** Opening Working data block **

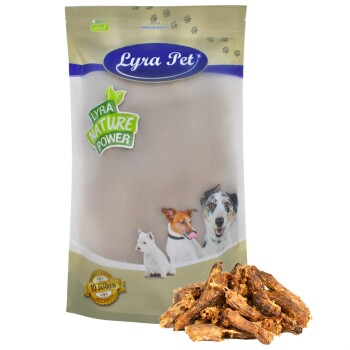 Hühnerhälse 1 kg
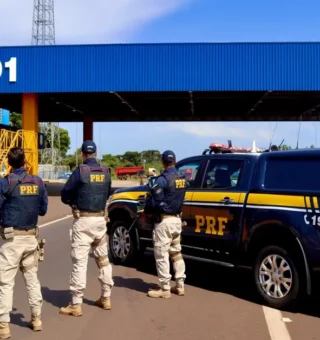Polícia Rodoviária Federal NÃO abriu inscrições para concurso; cuidado com o golpe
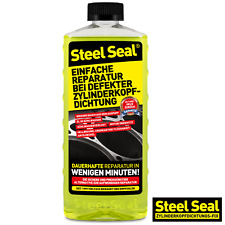 Steel seal guarnizione usato  Spedire a Italy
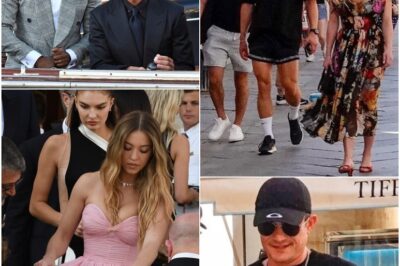Brady’s Bombshell Rebound! Tom Brady and Sydney Sweeney ignite wild speculation after a flirty, late-night dance session at the billionaire bash. Sources say they were inseparable until 2 AM—is this Hollywood’s hottest new romance?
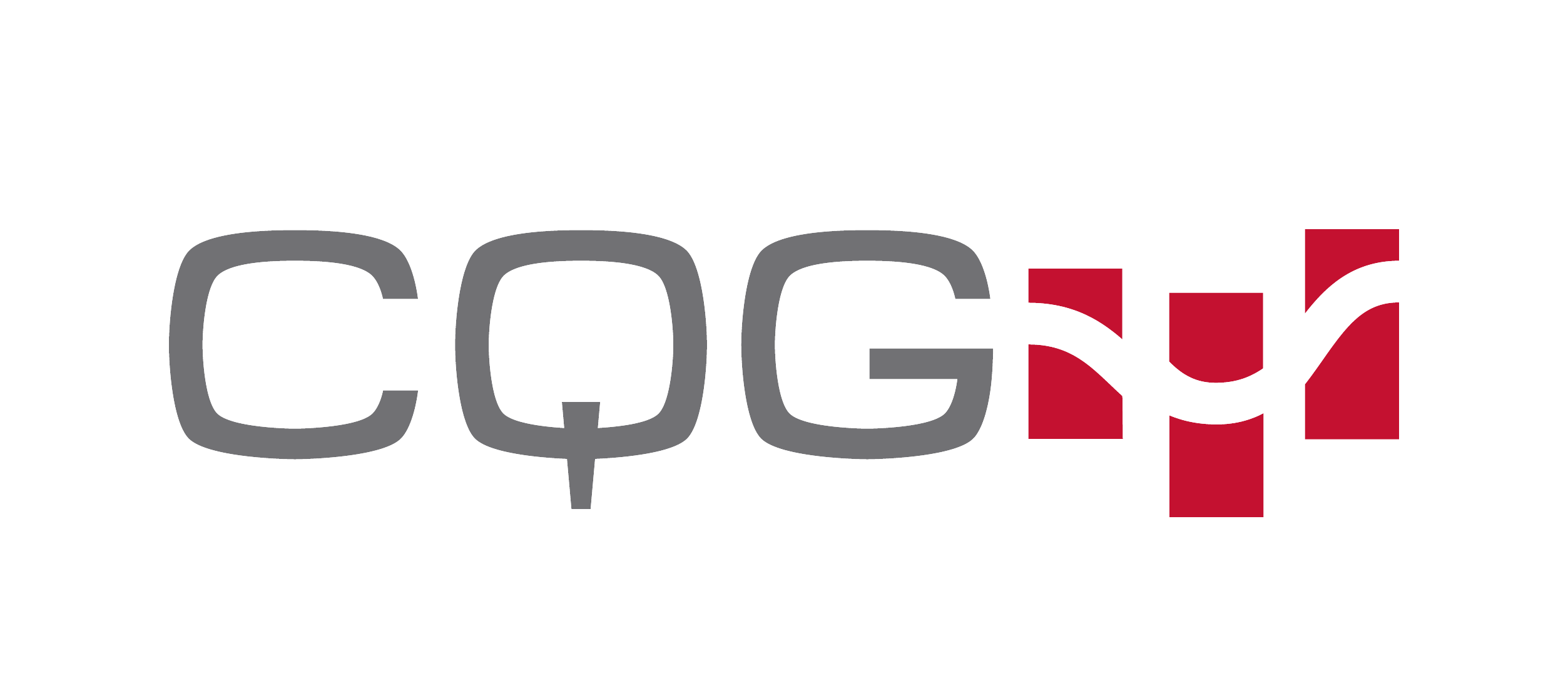 CQG logo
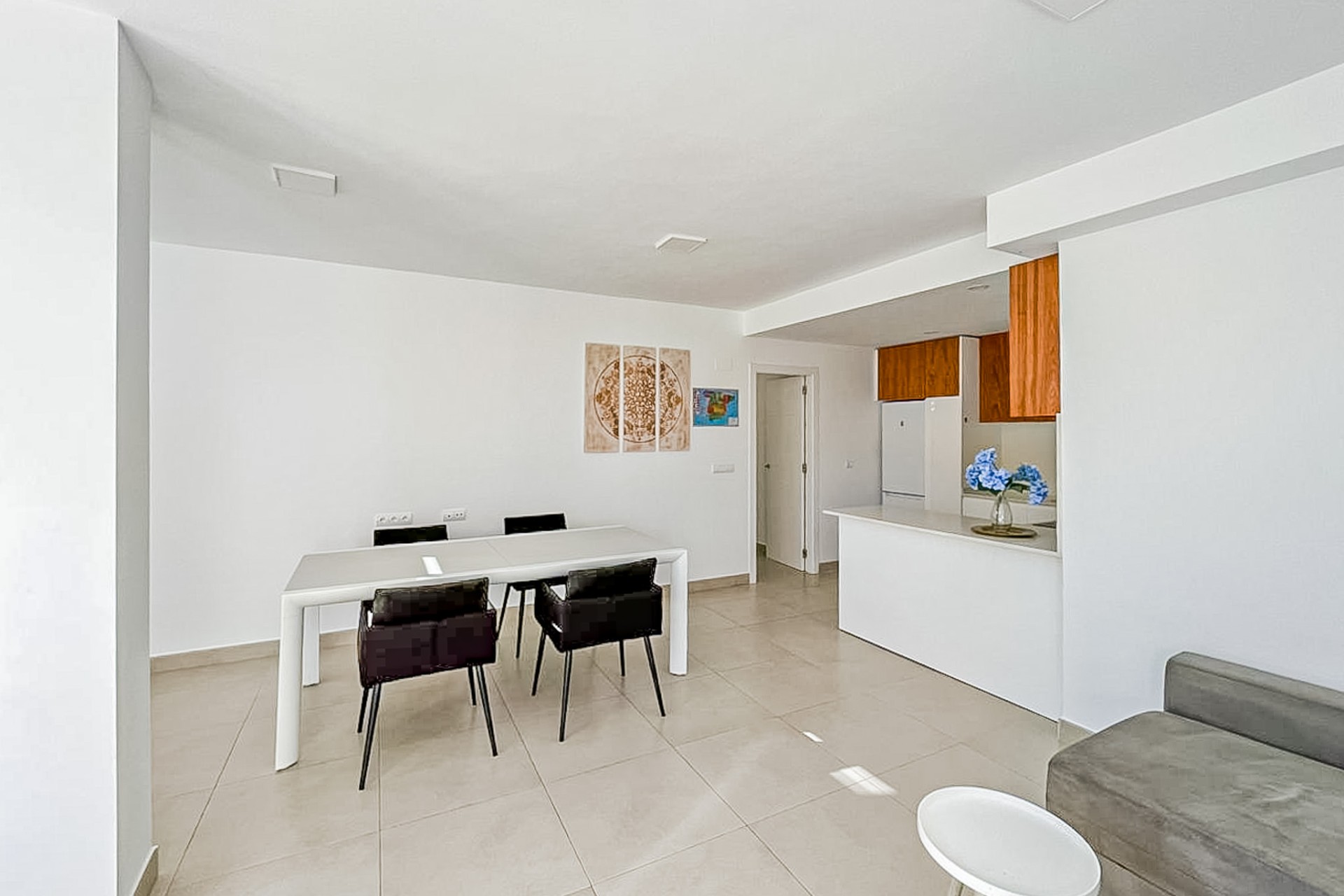 Resale - Villa - La Nucía - Monte Bello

** Closing Working data block **

Task details: Please, leaving out all pictures, transcribe exactly the lines above from the one containing "Steel seal guarnizione" through the final line, both included.

Exercise solution:
 Steel seal guarnizione usato  Spedire a Italy
Brady’s Bombshell Rebound! Tom Brady and Sydney Sweeney ignite wild speculation after a flirty, late-night dance session at the billionaire bash. Sources say they were inseparable until 2 AM—is this Hollywood’s hottest new romance?
 CQG logo
 Resale - Villa - La Nucía - Monte Bello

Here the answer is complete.